Fuzzing - It Can Be Good for Finding Evil

Hackers make finding security holes look easy. A new product comes out, and not a week goes by before hackers expose embarrassing, sometimes trivial, security weaknesses in the product. Sometimes it's as if hackers can find those vulnerabilities "at will." In one case security researcher H.D. Moore announced a project he named "a month of browser bugs" where every day during July a new security-related bug was exposed in one of the leading browsers from Microsoft, Apple, and Opera.

How can a single researcher, working in his spare time, find what countless professional software testing people, working full time for the largest software companies in the world, can't find? The secret lies within a methodology called "black box testing," a term that is known in technical circles as "fuzzing".

Fuzzing is a concept that, until recently, has mostly been used on the wrong side of the fence.
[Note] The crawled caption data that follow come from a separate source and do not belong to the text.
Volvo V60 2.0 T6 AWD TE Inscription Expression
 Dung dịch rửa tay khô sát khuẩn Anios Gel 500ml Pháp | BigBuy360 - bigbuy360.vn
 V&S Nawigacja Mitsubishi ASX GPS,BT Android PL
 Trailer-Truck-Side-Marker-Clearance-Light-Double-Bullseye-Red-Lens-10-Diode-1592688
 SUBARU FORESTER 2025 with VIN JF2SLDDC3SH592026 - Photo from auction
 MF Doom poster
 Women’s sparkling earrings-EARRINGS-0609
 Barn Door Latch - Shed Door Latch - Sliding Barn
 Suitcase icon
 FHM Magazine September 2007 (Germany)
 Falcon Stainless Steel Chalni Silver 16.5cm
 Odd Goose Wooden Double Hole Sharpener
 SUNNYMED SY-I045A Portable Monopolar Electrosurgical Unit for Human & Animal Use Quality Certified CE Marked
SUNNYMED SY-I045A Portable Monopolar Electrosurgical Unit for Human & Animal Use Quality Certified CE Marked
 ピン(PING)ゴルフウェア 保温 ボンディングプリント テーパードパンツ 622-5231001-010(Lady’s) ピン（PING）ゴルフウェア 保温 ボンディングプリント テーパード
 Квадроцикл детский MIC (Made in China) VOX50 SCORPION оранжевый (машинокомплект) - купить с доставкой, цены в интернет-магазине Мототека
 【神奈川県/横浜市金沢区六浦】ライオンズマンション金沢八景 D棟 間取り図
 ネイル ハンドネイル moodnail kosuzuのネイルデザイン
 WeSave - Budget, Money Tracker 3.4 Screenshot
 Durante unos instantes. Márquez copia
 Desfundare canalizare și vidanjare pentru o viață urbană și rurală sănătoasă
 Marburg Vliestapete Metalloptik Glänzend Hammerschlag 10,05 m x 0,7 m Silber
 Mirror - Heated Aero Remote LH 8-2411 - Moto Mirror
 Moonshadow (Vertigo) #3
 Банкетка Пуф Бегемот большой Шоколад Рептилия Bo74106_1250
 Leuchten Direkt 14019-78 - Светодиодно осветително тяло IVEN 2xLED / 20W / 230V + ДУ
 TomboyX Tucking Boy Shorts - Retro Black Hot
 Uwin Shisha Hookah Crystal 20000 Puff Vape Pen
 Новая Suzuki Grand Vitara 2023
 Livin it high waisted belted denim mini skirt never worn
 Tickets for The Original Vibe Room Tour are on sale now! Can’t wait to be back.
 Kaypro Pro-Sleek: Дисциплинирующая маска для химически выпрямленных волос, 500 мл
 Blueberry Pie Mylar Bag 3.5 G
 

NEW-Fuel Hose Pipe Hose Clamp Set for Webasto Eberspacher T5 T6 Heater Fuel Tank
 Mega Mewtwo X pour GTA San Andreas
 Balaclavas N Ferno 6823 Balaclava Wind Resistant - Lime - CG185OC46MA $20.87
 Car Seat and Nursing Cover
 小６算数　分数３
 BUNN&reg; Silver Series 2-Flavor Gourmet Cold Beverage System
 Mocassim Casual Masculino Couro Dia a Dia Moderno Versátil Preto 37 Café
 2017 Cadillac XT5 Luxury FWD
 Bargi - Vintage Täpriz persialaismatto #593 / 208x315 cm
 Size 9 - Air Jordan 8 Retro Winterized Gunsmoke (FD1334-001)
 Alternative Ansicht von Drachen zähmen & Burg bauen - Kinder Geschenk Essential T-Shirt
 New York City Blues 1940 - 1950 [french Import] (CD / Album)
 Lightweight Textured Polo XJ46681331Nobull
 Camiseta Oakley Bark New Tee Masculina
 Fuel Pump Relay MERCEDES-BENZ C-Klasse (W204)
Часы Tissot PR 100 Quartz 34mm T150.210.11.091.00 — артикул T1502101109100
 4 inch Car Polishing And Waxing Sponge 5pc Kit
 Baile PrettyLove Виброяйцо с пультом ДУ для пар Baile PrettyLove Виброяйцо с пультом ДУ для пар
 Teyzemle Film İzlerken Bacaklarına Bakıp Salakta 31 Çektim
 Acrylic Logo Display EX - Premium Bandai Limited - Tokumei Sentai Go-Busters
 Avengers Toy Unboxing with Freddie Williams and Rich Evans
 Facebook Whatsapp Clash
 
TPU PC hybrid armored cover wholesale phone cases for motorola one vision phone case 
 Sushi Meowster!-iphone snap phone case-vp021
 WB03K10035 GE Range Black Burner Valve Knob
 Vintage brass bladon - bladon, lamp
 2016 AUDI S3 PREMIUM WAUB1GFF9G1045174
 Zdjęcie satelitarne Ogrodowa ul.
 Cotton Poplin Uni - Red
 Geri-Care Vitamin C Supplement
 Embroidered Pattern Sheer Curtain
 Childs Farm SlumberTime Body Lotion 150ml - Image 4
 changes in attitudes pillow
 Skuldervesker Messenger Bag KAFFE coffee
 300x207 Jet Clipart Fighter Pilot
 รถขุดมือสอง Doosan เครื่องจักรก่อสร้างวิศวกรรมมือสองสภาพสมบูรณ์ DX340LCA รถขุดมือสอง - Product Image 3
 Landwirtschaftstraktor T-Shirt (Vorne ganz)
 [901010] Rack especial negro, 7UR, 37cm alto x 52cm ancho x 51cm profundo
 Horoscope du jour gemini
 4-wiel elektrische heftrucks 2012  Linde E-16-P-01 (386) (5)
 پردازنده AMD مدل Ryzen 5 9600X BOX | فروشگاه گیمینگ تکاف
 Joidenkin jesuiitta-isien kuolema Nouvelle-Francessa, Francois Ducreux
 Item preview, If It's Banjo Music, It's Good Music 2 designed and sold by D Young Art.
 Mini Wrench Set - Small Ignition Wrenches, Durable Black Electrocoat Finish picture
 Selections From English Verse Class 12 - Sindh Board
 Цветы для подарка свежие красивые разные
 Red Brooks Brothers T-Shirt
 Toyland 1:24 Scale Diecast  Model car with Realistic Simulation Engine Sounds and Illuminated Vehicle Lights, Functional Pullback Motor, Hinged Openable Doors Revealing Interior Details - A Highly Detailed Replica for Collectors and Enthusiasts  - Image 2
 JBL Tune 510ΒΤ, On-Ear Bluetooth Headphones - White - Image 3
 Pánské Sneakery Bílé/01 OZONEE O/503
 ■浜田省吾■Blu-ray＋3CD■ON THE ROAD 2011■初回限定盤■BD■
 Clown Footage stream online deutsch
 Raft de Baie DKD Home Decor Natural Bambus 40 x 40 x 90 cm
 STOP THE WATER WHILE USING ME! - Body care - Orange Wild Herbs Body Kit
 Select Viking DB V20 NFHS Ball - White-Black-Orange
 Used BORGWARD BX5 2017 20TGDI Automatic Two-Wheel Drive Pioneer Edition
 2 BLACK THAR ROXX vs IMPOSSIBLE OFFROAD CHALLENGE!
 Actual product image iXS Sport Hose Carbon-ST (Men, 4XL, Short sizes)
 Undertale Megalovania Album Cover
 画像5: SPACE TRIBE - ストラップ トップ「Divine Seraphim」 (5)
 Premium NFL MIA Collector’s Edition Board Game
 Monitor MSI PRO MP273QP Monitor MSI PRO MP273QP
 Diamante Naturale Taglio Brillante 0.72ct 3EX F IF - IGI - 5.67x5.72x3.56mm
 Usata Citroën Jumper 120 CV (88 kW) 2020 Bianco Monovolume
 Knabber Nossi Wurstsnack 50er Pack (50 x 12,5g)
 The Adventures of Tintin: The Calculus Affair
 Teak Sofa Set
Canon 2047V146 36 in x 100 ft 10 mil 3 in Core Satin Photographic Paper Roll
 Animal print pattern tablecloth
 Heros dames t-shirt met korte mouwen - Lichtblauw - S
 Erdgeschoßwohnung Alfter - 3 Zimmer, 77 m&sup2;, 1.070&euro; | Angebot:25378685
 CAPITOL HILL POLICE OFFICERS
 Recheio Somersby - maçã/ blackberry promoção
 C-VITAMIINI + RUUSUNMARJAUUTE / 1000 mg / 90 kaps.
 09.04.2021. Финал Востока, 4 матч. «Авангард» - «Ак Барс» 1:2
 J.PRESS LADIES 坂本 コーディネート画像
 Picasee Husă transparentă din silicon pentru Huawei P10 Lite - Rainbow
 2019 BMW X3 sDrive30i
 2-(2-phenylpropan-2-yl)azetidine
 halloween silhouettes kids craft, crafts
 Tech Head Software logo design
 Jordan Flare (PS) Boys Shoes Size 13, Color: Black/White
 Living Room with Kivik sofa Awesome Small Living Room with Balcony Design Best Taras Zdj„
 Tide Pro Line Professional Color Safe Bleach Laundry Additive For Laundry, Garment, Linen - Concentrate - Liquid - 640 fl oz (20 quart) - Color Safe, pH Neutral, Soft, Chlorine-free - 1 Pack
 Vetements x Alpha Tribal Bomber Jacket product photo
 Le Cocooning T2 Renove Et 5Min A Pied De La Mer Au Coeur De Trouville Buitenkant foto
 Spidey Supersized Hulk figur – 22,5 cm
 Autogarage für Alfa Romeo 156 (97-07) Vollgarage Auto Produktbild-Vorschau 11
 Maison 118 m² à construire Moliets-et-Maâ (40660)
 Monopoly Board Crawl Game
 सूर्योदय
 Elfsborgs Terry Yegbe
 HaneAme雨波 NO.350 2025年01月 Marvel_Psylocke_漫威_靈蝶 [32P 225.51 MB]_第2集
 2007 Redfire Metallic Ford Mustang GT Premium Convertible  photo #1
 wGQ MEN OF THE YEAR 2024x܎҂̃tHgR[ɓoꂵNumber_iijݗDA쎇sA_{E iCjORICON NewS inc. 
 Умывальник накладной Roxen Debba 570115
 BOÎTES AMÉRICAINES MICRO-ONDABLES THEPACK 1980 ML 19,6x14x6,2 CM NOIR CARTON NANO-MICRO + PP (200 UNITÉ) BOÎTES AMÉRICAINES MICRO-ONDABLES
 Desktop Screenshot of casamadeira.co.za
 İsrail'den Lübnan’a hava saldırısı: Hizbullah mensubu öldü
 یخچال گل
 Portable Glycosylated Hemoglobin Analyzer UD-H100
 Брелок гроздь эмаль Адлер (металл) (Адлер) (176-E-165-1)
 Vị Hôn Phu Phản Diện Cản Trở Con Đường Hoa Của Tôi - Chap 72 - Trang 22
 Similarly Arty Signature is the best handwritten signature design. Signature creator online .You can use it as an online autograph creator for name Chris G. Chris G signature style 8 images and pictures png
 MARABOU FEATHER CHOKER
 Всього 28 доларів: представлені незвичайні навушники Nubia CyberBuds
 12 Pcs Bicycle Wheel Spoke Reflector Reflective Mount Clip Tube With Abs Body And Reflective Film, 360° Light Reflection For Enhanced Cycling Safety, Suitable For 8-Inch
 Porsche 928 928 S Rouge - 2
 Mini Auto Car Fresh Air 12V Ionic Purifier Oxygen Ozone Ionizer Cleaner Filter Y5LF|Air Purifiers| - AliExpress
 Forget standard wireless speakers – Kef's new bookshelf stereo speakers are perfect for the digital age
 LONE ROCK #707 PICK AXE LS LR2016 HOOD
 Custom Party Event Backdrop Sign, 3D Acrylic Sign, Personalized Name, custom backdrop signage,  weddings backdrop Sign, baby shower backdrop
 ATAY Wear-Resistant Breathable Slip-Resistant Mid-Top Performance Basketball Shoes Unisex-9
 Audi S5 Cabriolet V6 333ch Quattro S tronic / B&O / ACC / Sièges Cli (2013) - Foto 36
Fuzzing is a testing technique that automates the search for security vulnerabilities in software without having access to the source code of the application. The lack of source code and other design information is why this testing method is called "black box" testing. It's like looking at a black, opaque box and trying to find holes in it, without having access to the blueprint or design documents.

Most security holes that are published are a result of using home-grown and target-specific fuzzers. These tools have been responsible for discovering many vulnerabilities in the past in products ranging from ZIP archiving software to web servers.

The interesting thing about these discoveries, is the fact that they were made by individuals that were not affiliated with the software vendor in any way, and thus had no special access to the product's source code. In most cases, the discoveries were made when the product was already in the market, resulting in large costs to the software vendors in both bad publicity and the costs of developing and distributing patches to the problem.